This weekend, when the story of a police officer pulling out a gun at a snowball fight in DC erupted and spread online, the Washington Post was initially dismissive, despite having an eyewitness on the scene who said that the officer did indeed pull out a gun. They didn’t get the story quite right until days later; to dispel all doubt, the officer admitted he pulled a gun. In a scathing blog post, the Washington City Paper surmised as to how the Post slipped up: a snooty attitude towards the Internet.
The City Paper‘s Erik Wemple took the Post apart for fetishizing ‘traditional reporting’ as defined by talking to officials, despite the fact that the consensus on the Internet was more than wild rumor:
the reason why the Post screwed this up is that they all have linkophobia. If you link to an outlet—such as, God forbid, the Washington City Paper—you’ve lost. You got scooped and all your colleagues are going to look down on you. Linking is a huge sign of weakness—you just can’t do it. Far better to, like, call a top police official, buy his version of events, and just place it in a post, regardless of the contradicting evidence that’s already posted elsewhere…

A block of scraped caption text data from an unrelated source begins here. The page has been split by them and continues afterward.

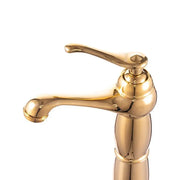 Bateria umywalkowa, mosiądz sanitarny, złoty, CF/1010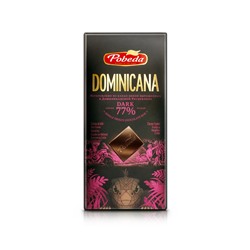 Шоколад горький "Доминикана", 77% 100 г В наличии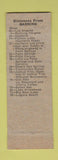 Matchbook Cover - Fernow Auto Parts Banning CA Hillbilly SAMPLE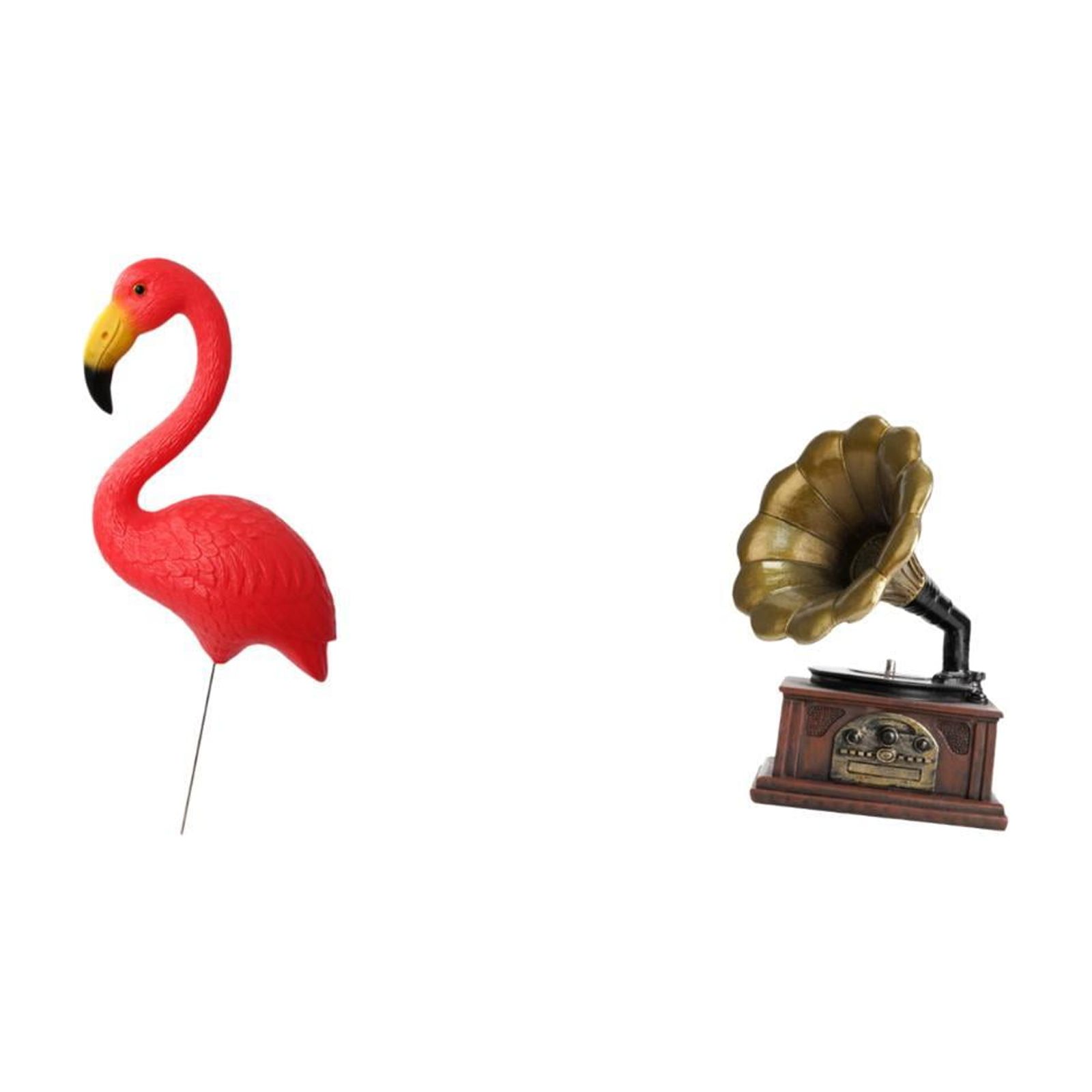 simhoa Vintage Flamingo Garden Figurine Collectible Statue Ornament for Housewarming Birthday Gift Resin Sculpture Retro Fairy Yard Art Spring Holiday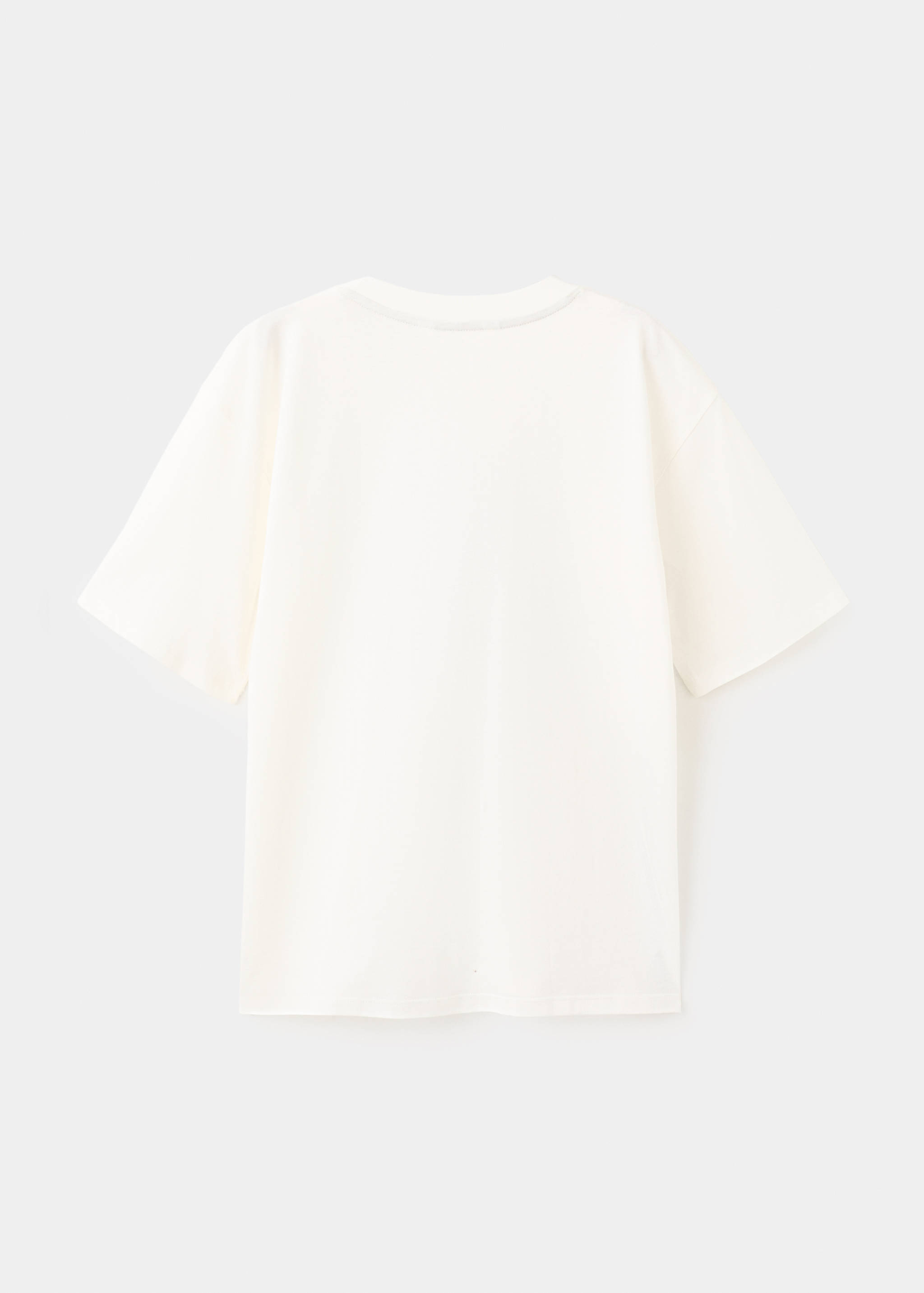 印花棉质混纺T恤 - null
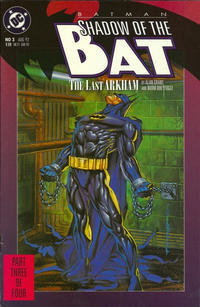 Cover for Batman: Shadow of the Bat (DC, 1992 series) #3 [Direct]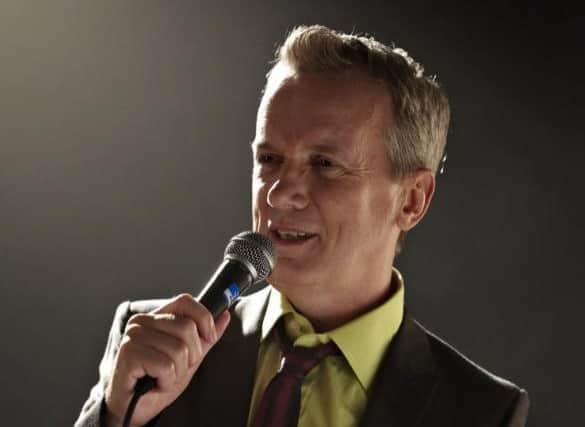 Comedian Frank Skinner will perform his Showbiz show in Blackpool next month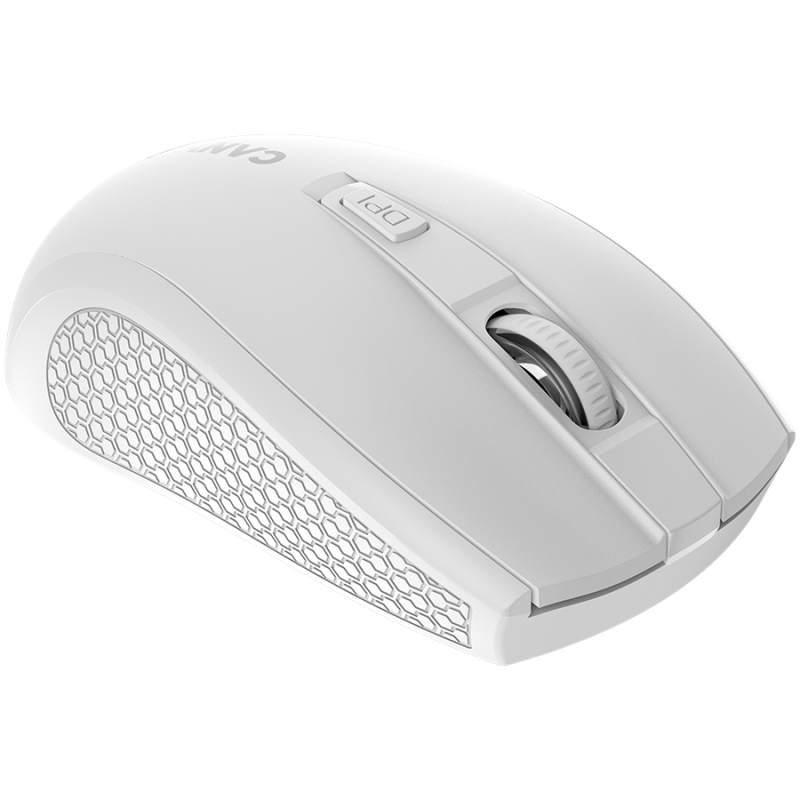 CANYON MW-7, 2.4Ghz wireless mouse, 6 buttons, DPI 800/1200/1600, with 1 AA battery ,size 110*60*37mm,58g,white - Image 3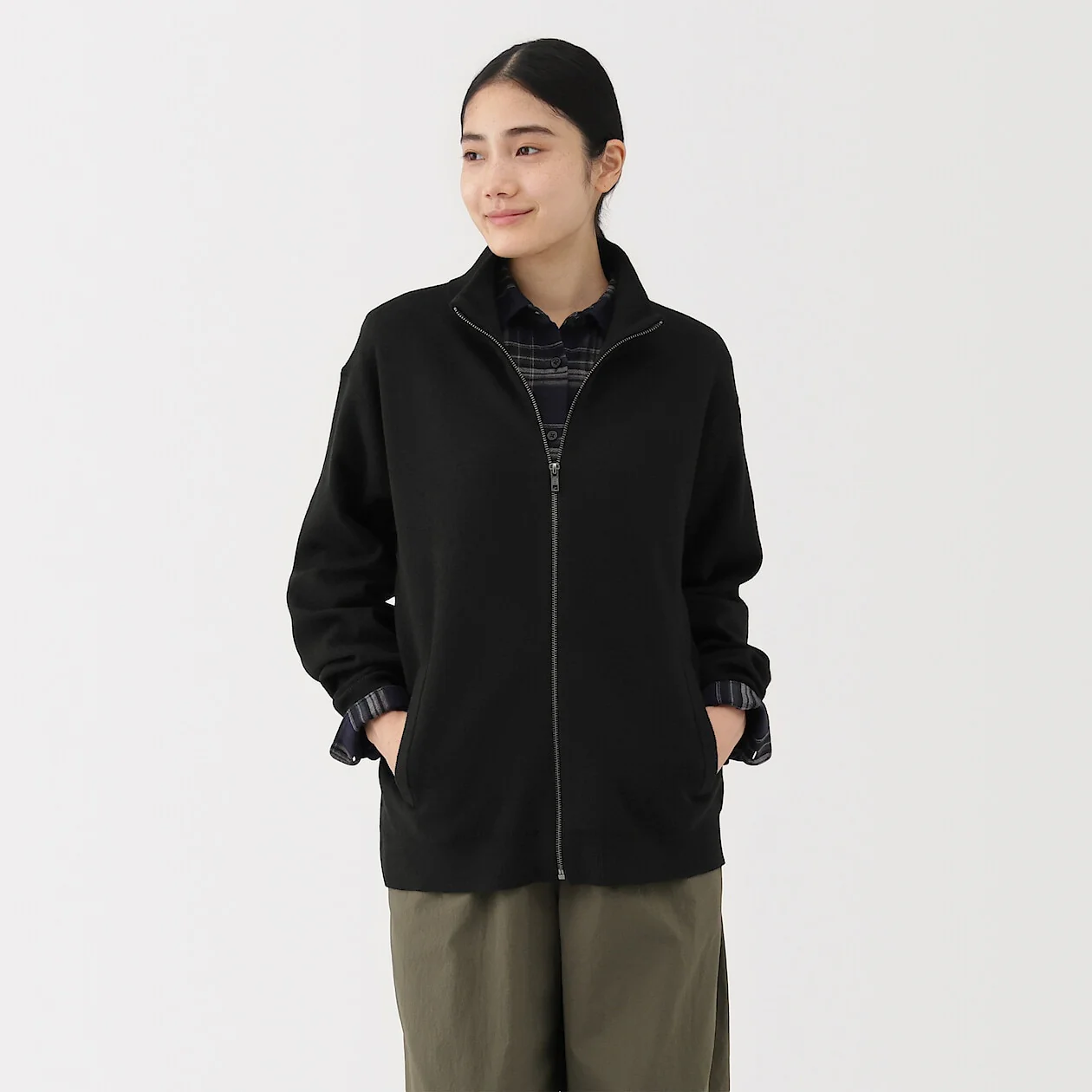 Washable Ribbed Milano Zip-Up Cardigan - Image 17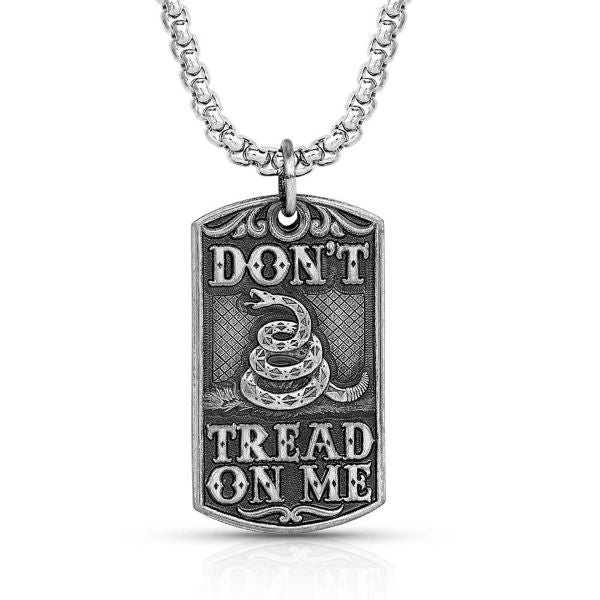 Montana Silversmiths Don't Tread on Me Men's Dog Tag Necklace NC5492MA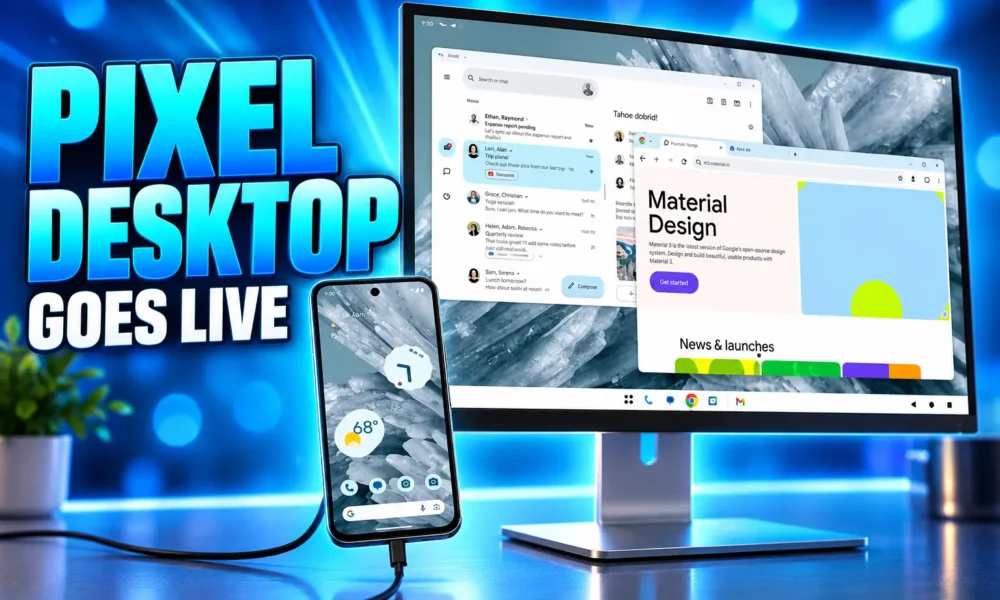 Google Pixel desktop mode USB-C external monitor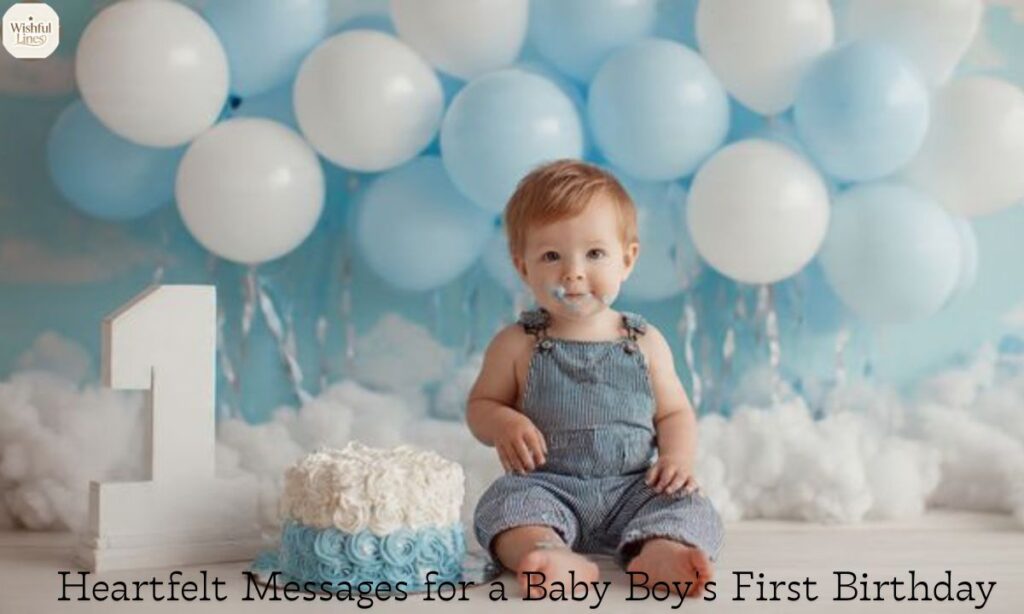 Heartfelt Messages for a Baby Boy's First Birthday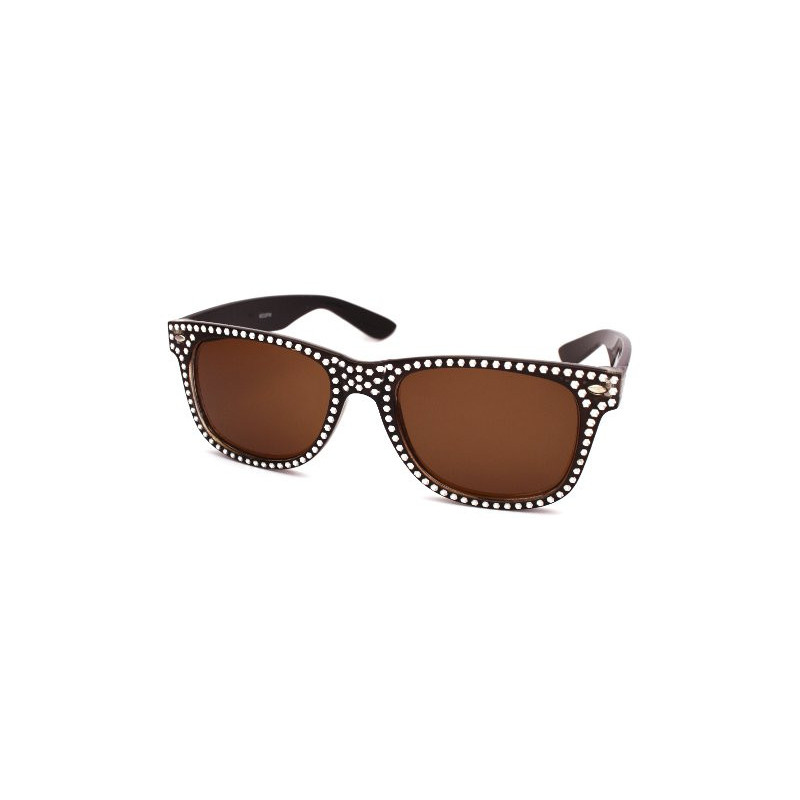 Glamour Wayfarer Blues Brothers Sonnenbrille brown desert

What is important is that in one item, Fisher articulated a longstanding WaPo policy:
1) Link to other organizations only when belittling them;
2) Be sure to contrast the inadequacy of the linkees to the great Washington Post;
3) Make sure the link to Washington Post content spans many more words than the links to lesser organizations.
For all of the talk about the demise of print and the crumbling newspaper economy, it’s a fair bet that the Washington Post can whip any blogger at reporting. Right? Maybe not always.